Exercise objective –
Would you transcribe the records below from the line with "Granddaddy Purple Automatic" to the line with "Scenic view of", ends included, exactly and with nothing more, leaving the pictures out?

Data section –
========================================================================
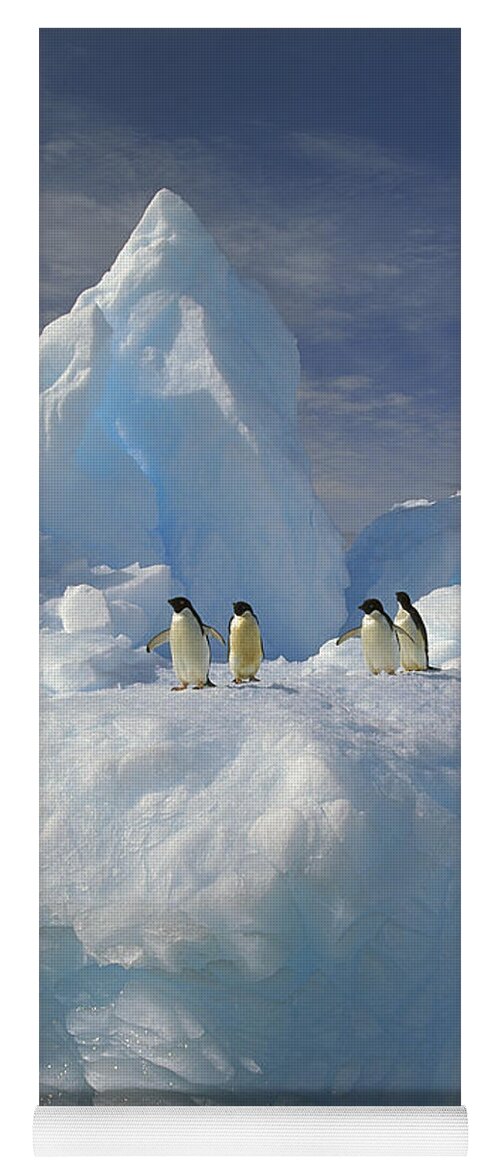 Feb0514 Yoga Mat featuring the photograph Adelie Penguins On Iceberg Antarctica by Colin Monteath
========================================================================
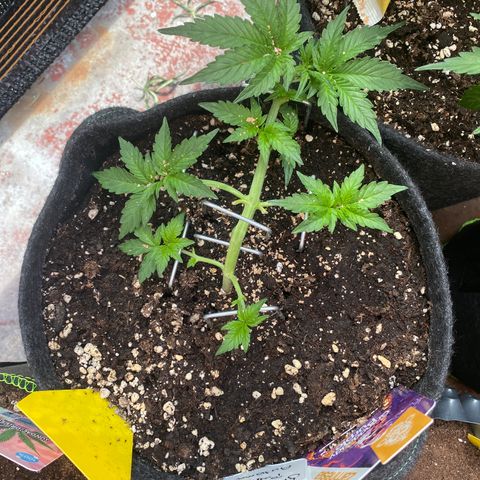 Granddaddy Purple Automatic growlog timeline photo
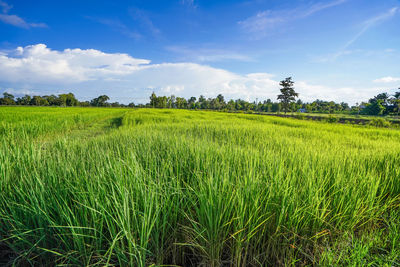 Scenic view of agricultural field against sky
========================================================================
Answer box –
 Granddaddy Purple Automatic growlog timeline photo
 Scenic view of agricultural field against sky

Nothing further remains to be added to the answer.